José Nicolás Matienzo | |
---|---|
National Senator | |
In office January 20, 1932 – January 3, 1936 | |
Constituency | Tucumán |
Attorney General of Argentina | |
In office November 27, 1917 – January 3, 1922 | |
President | Hipólito Yrigoyen |
Preceded by | Julio Botet |
Succeeded by | Horacio Rodríguez Larreta |
Minister of the Interior | |
In office October 12, 1922 – November 26, 1923 | |
President | Marcelo T. de Alvear |
Preceded by | Francisco Beiró |
Succeeded by | Vicente Gallo |
Personal details | |
Born | Tucumán, Argentina | October 4, 1860
Died | January 3, 1936 75) Buenos Aires, Argentina | (aged
Political party | Radical Civic Union |
Alma mater | University of Buenos Aires |
Profession | Lawyer, Academic, Politician |
José Nicolás Matienzo (October 4, 1860 – January 3, 1936) was a prominent Argentine lawyer, writer, academic, and policy maker.
Life and times
José Nicolás Matienzo was born in San Miguel de Tucumán, Argentina, in 1860. He enrolled at the University of Buenos Aires Law School, where he was mentored by Professor José Manuel Estrada, graduating with a juris doctor in 1882. The mercurial student began contributing articles and columns on a variety of subjects during law school, and continued in subsequent years. He was first appointed to public service as Legal Advisor to the Ministry of Public Works of Buenos Aires, in 1885. This experience earned him a seat on Emilio Mitre's Railroad Regulatory Commission, which contributed to the orderly and rapid development of rail transport in Argentina, after 1889. He then served as a civil court judge in La Plata, until 1890.
Maienzo had supported the paramount National Autonomist Party; but became disenchanted with it during President Miguel Juárez Celman's despotic 1886-90 rule. He provided legal advice to reform activists following the violently-suppressed Revolution of the Park (1890). Following a term in the Senate of the Province of Buenos Aires, during which he became well known for his defense of federalism, Matienzo returned to the University of Buenos Aires in 1904 as Professor of Philosophy and Letters. He was appointed dean of his school in 1906, and later established the Institute of Historical Research.
The reformist President José Figueroa Alcorta appointed Matienzo Minister of Labor in 1907. Accepting the post during a period of upheaval in the Argentine labor movement, he committed the bureau to accelerated labor law reform and ordered the publication of a bulletin detailing its activities.
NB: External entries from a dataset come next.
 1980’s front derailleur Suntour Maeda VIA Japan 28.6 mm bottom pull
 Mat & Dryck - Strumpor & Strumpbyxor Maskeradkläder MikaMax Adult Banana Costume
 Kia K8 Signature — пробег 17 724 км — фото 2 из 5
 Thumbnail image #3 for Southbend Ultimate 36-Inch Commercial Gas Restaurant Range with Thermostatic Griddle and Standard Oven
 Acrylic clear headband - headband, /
Continuing to teach he wrote the seminal Federal Representative Government in the Argentine Republic, in 1910. The text articulated his view as historian that Argentine politics would shift along roughly 18-year cycles and that reform could only evolve as quickly as the educational level of the public at large. He was later appointed Attorney General by the first democratically elected President of Argentina, Hipólito Yrigoyen. The president retained him during his entire 1916-22 term, though Matienzo developed differences with the increasingly autocratic Yrigoyen. This helped earn him the powerful post of Minister of the Interior (overseeing law enforcement) under Yrigoyen's successor, Marcelo Torcuato de Alvear, who removed almost all other high-level Yrigoyen appointees.
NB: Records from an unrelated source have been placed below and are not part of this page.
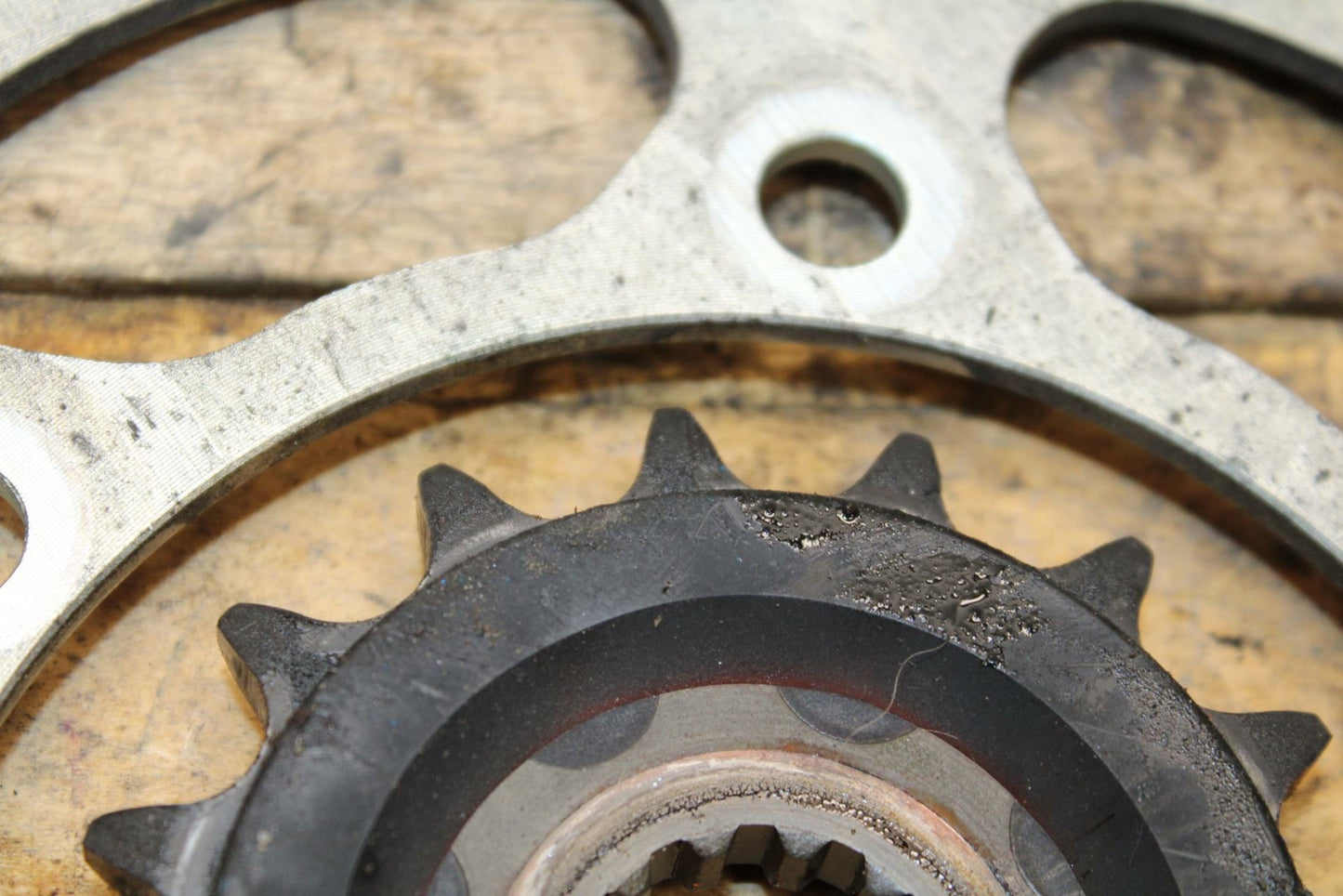 11-21 SUZUKI GSXR600 FRONT & REAR SPROCKET BB346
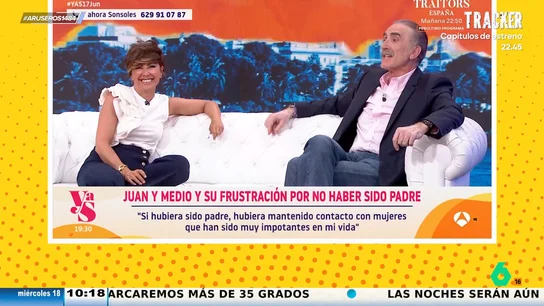 Juan y Medio carga contra quienes le recomiendan salir "de la zona de confort": "¿Por qué no sale tu puñetera madre?" Juan y Medio carga contra quienes le recomiendan salir "de la zona de confort": "¿Por qué no sale tu puñetera madre?"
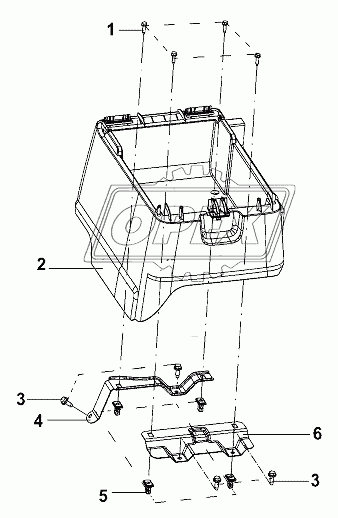 Glove Compartment, Passenger Side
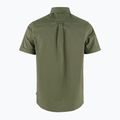 Fjällräven Övik Air Stretch - Camicia verde alloro 2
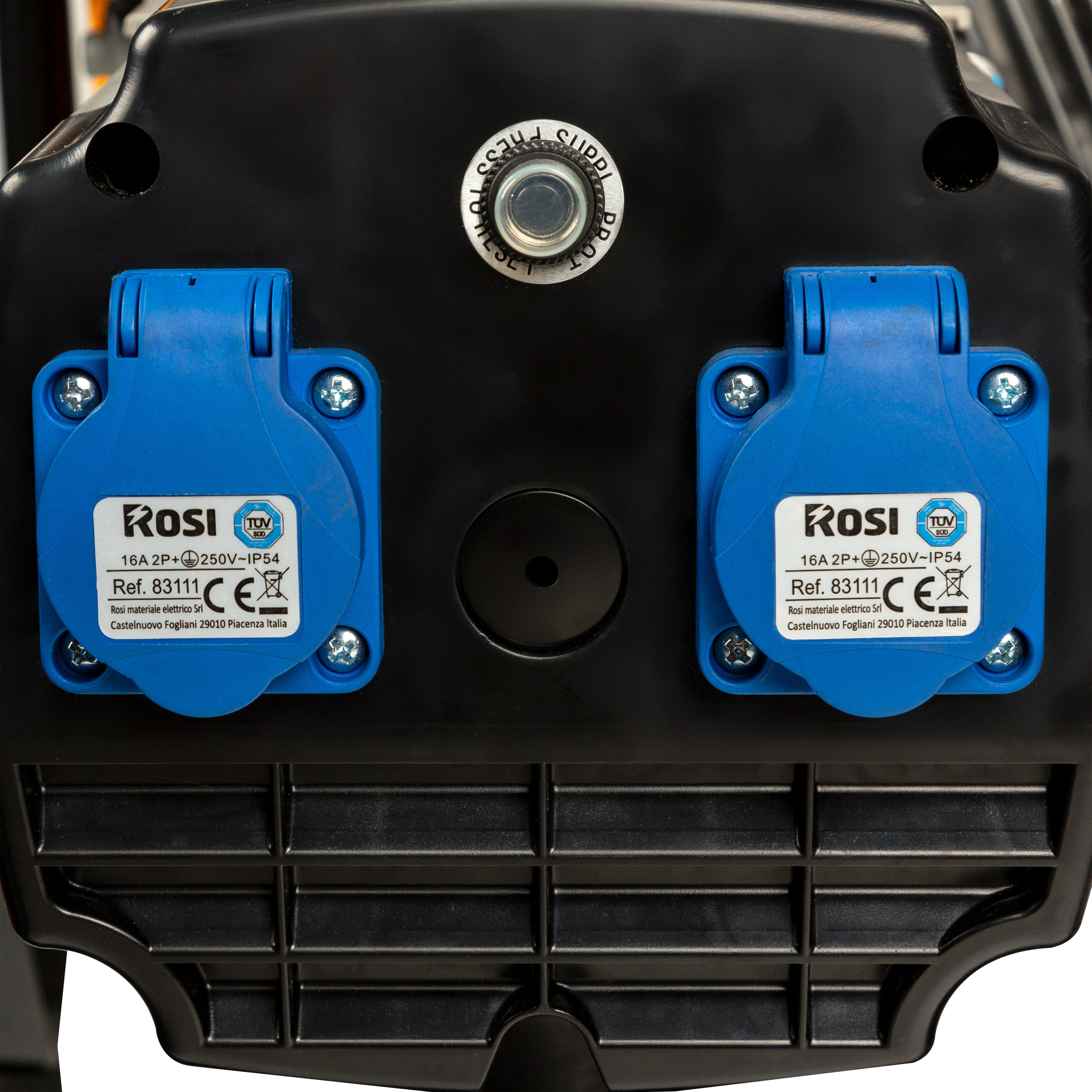 GENERADOR ELÉCTRICO GASOLINA 4200W MOTOR HONDA GP270 AYERBE AY–5000 H MN  - 3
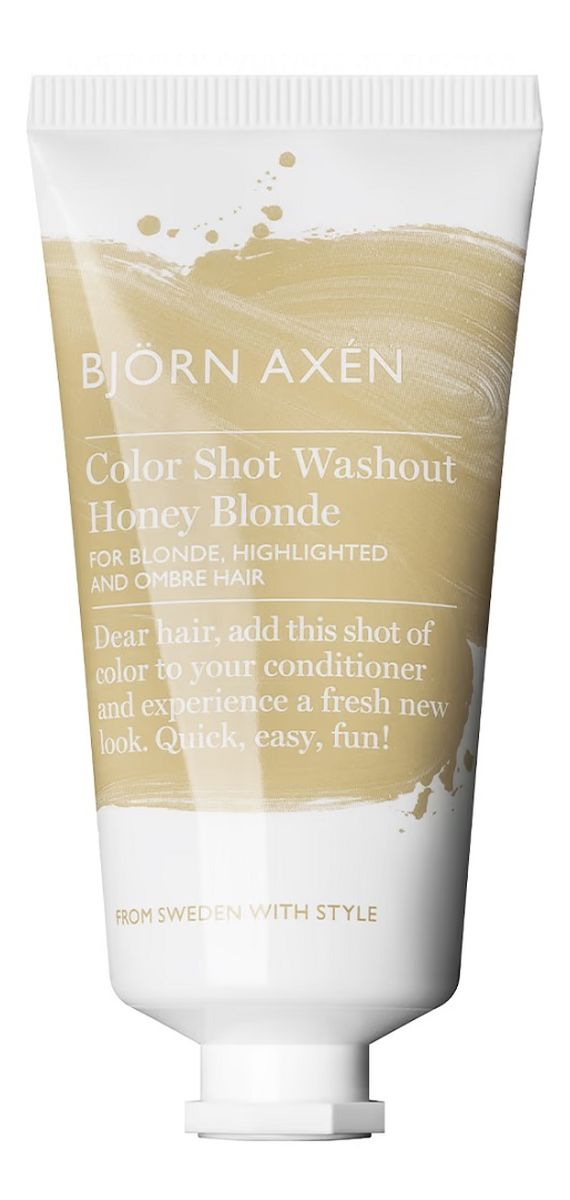 Color shot washout zmywalna farba do włosów honey blonde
Matienzo retired from his professorship in 1927, when he accepted Socialist Party leader Juan B. Justo's invitation to join his ticket as a running mate. The decision to include the pragmatic Matienzo sparked a division in the party during their 1927 convention, however. Three months before the April 1928 election, Justo died unexpectedly, and Matienzo fared poorly. In 1932 the aging academic was elected to the Argentine Senate from his native Province of Tucumán, and he remained there until his death in 1936, at age 75.